The plan gets approved with great fanfare, then disappears into the daily grind of operations. “Strategic initiatives” get buried under urgent emails. They get secondary status to ongoing activities. And no one asks how implementation is going? Six months later, someone says, “Whatever happened to that strategic plan?”

 

I’ve seen beautiful plans that fail to take the next step of thinking through implementation. They don’t develop action plan for each strategy. They don’t create implementation timelines and milestones. They don’t assign responsibility or develop budget implications.

 

Fix:  Create an implementation plan. Assign a specific person to own each goal, set milestones, and review progress regularly. Create a schedule for people to periodically report on progress to the governing board.

 

What Actually Works: The 3 Essential Outcomes Framework

Based on what I’ve seen work, here’s a framework that utilities can use to get real results and achieve three critical leadership outcomes:

 

1. Define a Compelling Purpose for Your Organization

Beyond “keeping the lights on”—what unique value does your utility bring to your community? Is it exceptional reliability and outstanding storm response? Leading the region in renewable energy? Providing the most competitive rates for economic development?

 

Your purpose should energize employees and justify community investment. When team members understand why their work matters beyond just maintaining infrastructure, they bring different energy to their roles.

 

The test: Does the CEO talk frequently about why your utility exists and what makes it special? Does the CEO say it so often that employees know it and can repeat it?

 

2. Identify the Most Important Strategies for Success

This isn’t about listing everything you could do—it’s about identifying the 4-5 goals that will make the biggest difference for your utility. These should build on your existing strengths and opportunities while addressing your most critical weaknesses and threats.

 

Maybe it’s modernizing your customer experience to match what people expect from other service providers. Perhaps it’s preparing your workforce for a wave of retirements coming in the next five years. Or it could be positioning your utility to take advantage of new funding opportunities for infrastructure improvements.

 

The test: Can your leadership team explain your top priorities without looking at notes?

 

3. Align Your Team’s Efforts and Unleash Their Talents

This is where most strategic plans fall apart. You can have a brilliant strategy, but if your team doesn’t understand how their daily work connects to the bigger picture, you’ll never achieve meaningful results.

 

Alignment means every department is working toward the same goals. It means people understand how their individual contributions matter. It means team energy is focused on what matters most, not scattered across dozens of competing initiatives.

 

The test: Do your employees see clear connections between their daily work and your strategic priorities? Are goals and strategies assigned to them and is progress evaluated in performance evaluations?

 

The Reality Check

Most strategic plans fail because there is no collaboration on the plan’s development and there’s no recognition the end of the plan’s development phase is the beginning of the implementation phase.

 

Your utility can’t afford another shelf-sitting plan. In an industry facing overwhelming challenges, you need strategic clarity more than ever.

 

The good news? When utilities get these three outcomes right, the results are noticeable. Teams become more engaged. You can feel the organization-wide focus on impactful initiatives. Progress accelerates. Board and community confidence grows.
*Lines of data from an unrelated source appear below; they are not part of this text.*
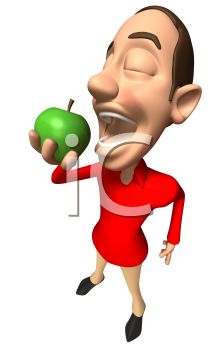 219x350 Man Eating A Green Aple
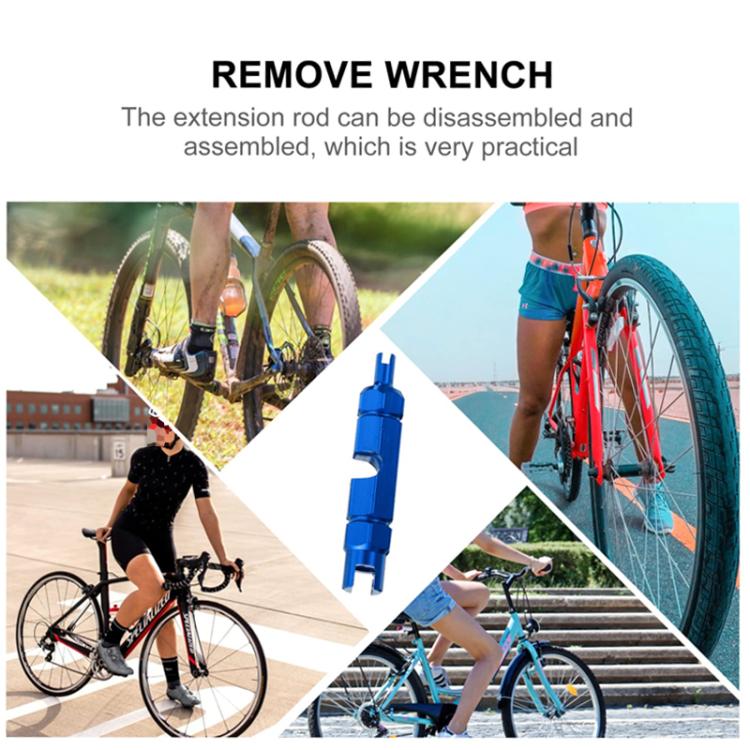 Aluminum Alloy American/French Bicycle Valve Core Removal Tool - Blue Hexagonal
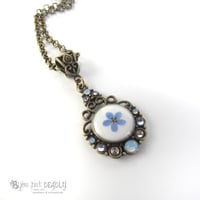 Image 3 of Forget-me-not Single Pressed Flower Cameo Pendant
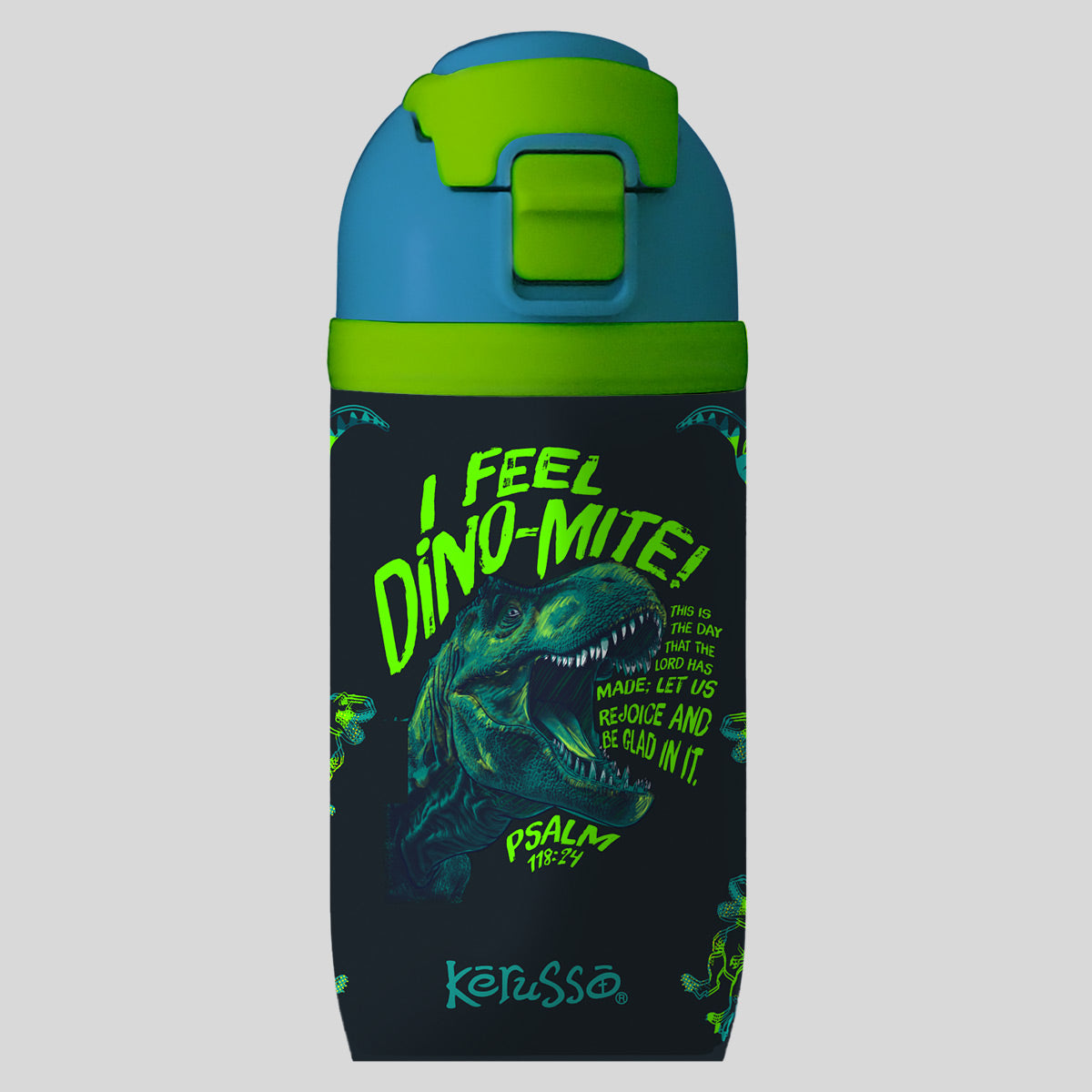 Kerusso 16 oz Stainless Steel Sport Bottle Dino Main image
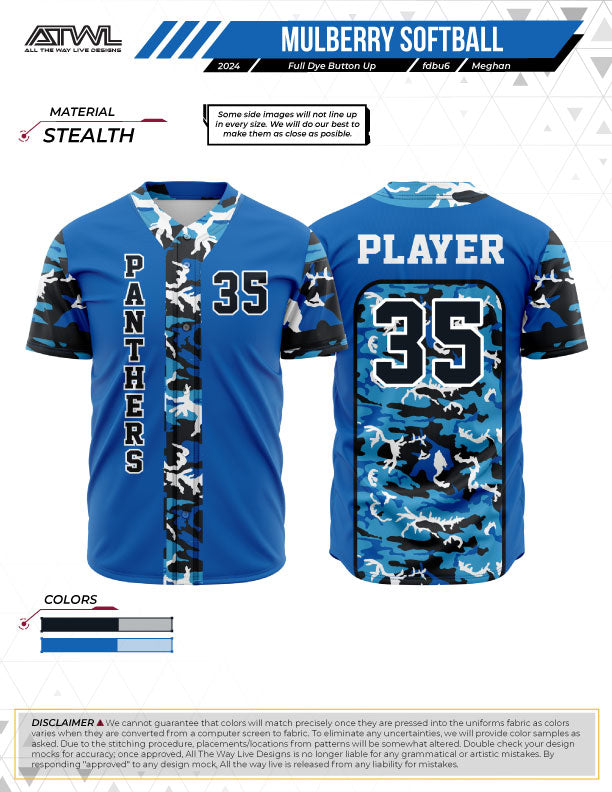 Mulberry Softball Mens Camo Full Button All Star Replica Jersey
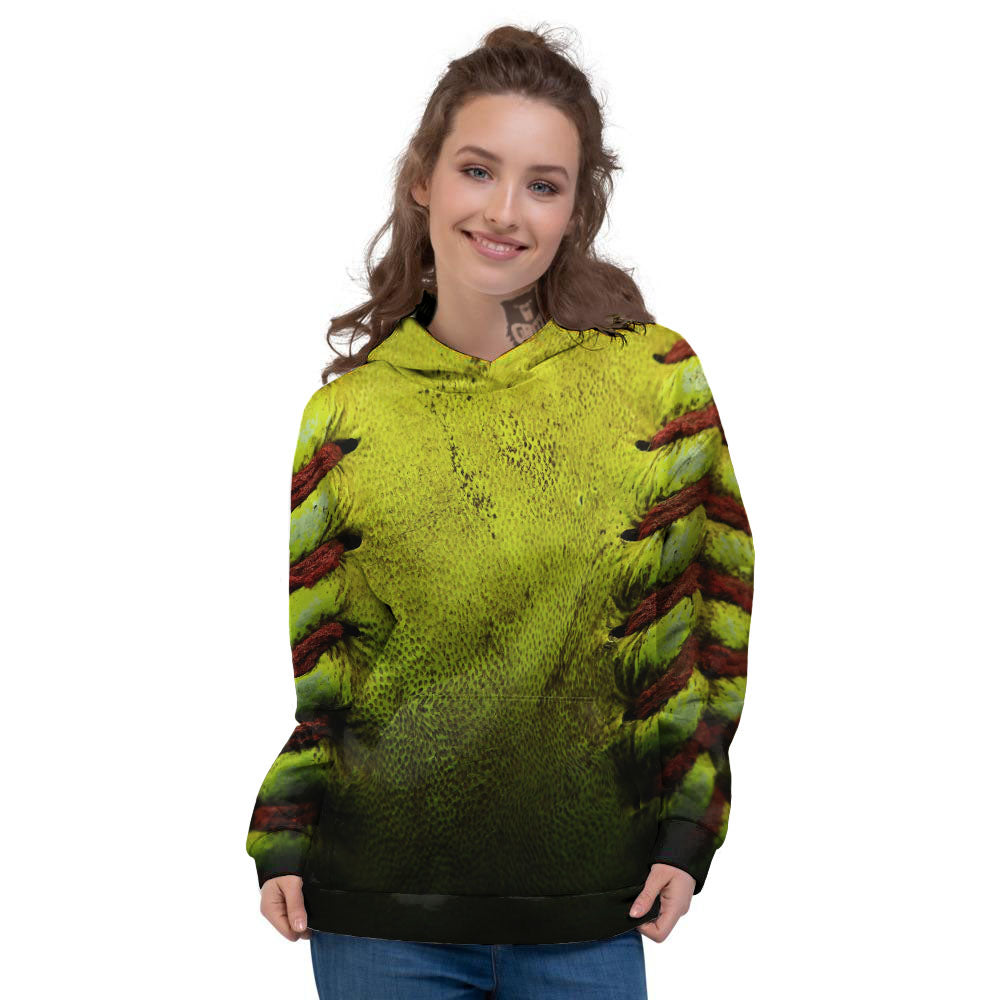 Texture Softball Ball Print Women's Hoodie-grizzshop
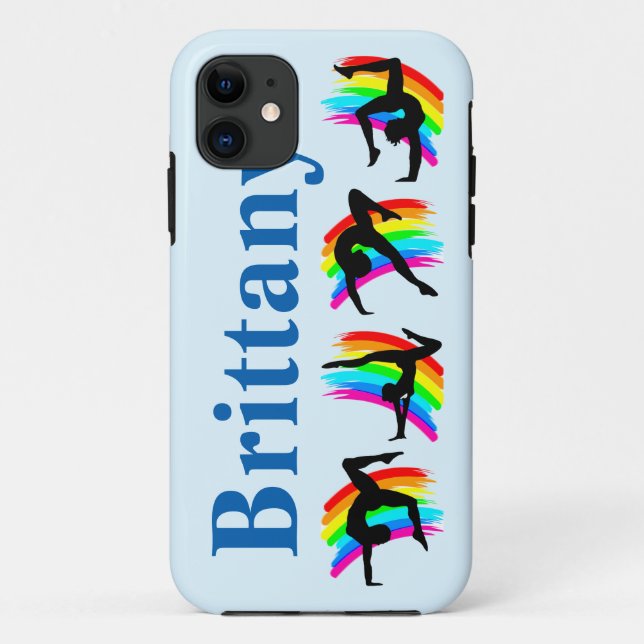 BLUE PERSONALIZED RAINBOW GYMNAST IPHONE CASE (Back)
Quick Self-Assessment: Is Your Plan Headed for Trouble?

□ Was it created mostly by a small group of people without input from others?

□ Does it have more than 6 major initiatives?

□ Has it been more than 3 months since anyone discussed progress?

□ Do most employees not know what’s in it?

 

If you checked 2+ boxes, it’s time for a new approach.


 

Ready to create a strategic plan that actually gets implemented? The utilities that thrive in the coming decade will be the ones who have a plan and act on it—they’ll be the ones with the clearest purpose, sharpest focus, and best team alignment.

 

This is the number one job of leadership and the essential outcomes of effective strategic planning. Let’s talk about how you can get started.

 

Mark McCain is Executive Consultant/Strategic Planning for Hometown Connections, Inc. He provides strategic planning services to public power utilities and joint action agencies nationwide. Mark can be reached at mmccain@hometownconnections.com.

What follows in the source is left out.